I've push changes to:

  • Add a DEFAULT_RUN_LOCAL variable
  • Add a DEFAULT_LIFESPAN_STYLE variable
  • Add comments to more clearly note where changes would be made by a user wishing to invoke this script without any command line options
  • Combine equivalent cases in the case statement in the get_options function
  • Added comments trying to clarify that one large block of code is for setting parameter values and running processing on LifeSpan style data and another large block of code is for setting parameter values and running processing on HCP-YA style data.

@mharms
Copy link
Contributor

mharms commented Jun 20, 2019

I'm afraid that this has turned into something much more complicated than I was envisioning when I proposed that we do something along the lines of just the following:

## Comments describing variable
varA=XXXXXXXX   # For HCP-YA data
#varA=XXXXXXXX  # For HCP-D/A data

What @tbbrown has drafted is sophisticated, but importantly, if we go this route, we are fundamentally changing the role/purpose of the Example scripts. Presently, the Example scripts are intended to serve as a didactic introduction to each sub-pipeline, in which users were expected to (1) review and engage with the Example script, and (2) frequently need to make changes appropriate for the parameters used in their particular study, guided by a fairly extensive set of comments explaining those parameters.
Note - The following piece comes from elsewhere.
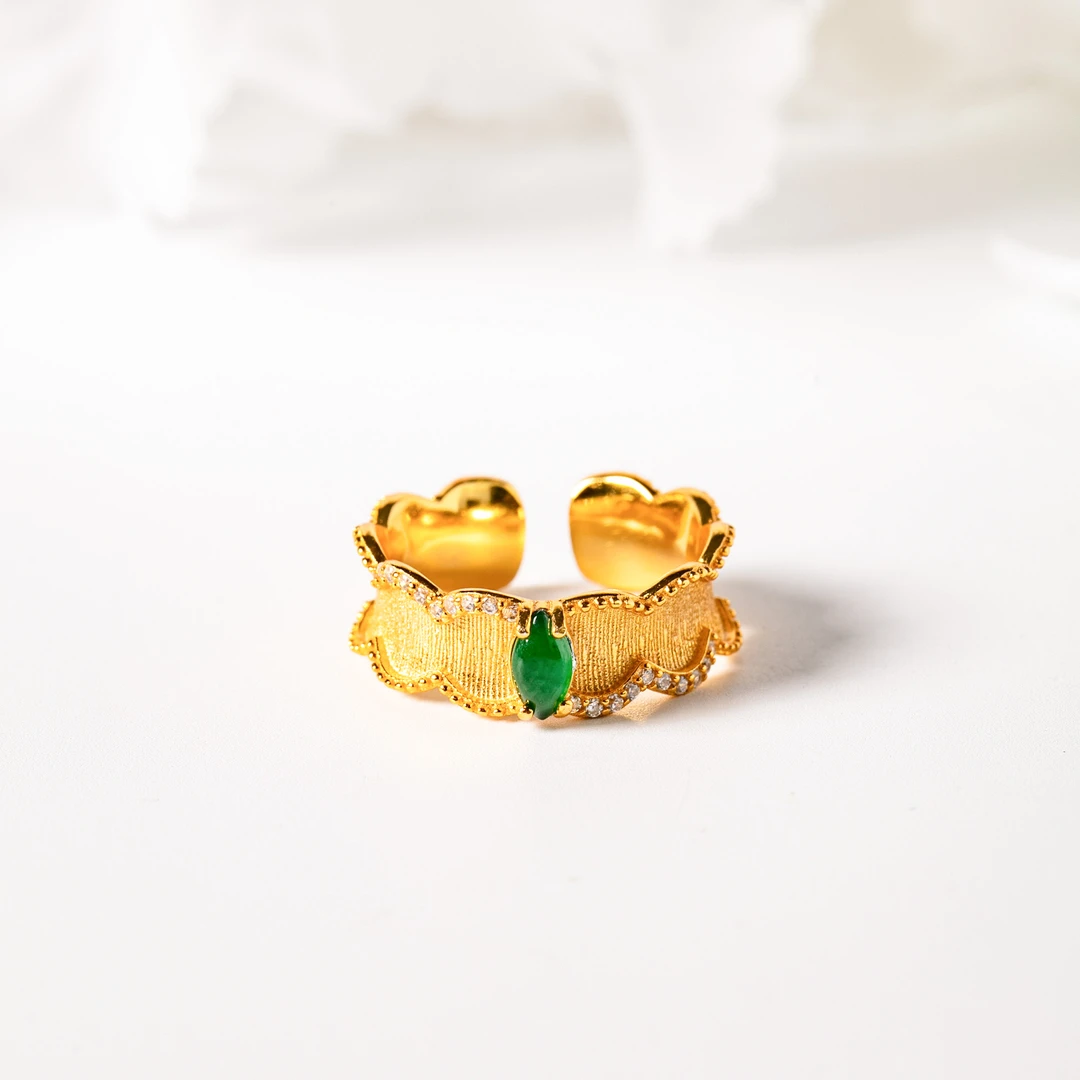 【珊珊专属】美伢【金歌】QT25JZ06008 翡翠镶嵌设计款戒指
Naturally, it makes sense for us to preset the values to something appropriate for HCP-YA or HCP-D/A. But, for me at least, it is dangerous to switch to a mode in which users are simply launching the Example scripts with or without a --lifespan flag, and a whole host of parameters get set automatically in a black box fashion (to the user), without any review by the user.

While this may be convenient for users for studies that literally acquired their data with the exact HCP-YA or HCP-D/A protocols, or are trying to process (by themselves) actual HCP-YA or HCP-D/A data, it does not well support users that are trying to use the Example scripts to process their own data, collected with their own modified protocols (possibly collected on GE or Philips scanners).

For users in that latter situation, the splitting of the default parameter definitions into completely separate LifeSpanStyle and HCP-YA style sections is going to be confusing (e.g., Which section am I in? Which set of parameters should I change?)

And even for users for whom executing the script in simply LifeSpanStyle or HCP-YA mode would be correct and appropriate, the increased complexity of the script will I think diminish its ability to serve in a didactic role.

Also, there is the practical matter that extending this type of Example script organization to all the other sub-pipelines is going to entail a lot more work than I was envisioning.

So, initially at least, I'm not a proponent of this particular implementation. That said, perhaps I'm missing some complexities that come to light if you try to implement my "simple" approach proposed above, which will inevitably drive the solution to this sort of more complicated implementation?

@coalsont
Copy link
Member

It doesn't seem like a good idea to have two copies/versions of the error checking and job launching code, so if those can be moved outside of the conditional, that would be good.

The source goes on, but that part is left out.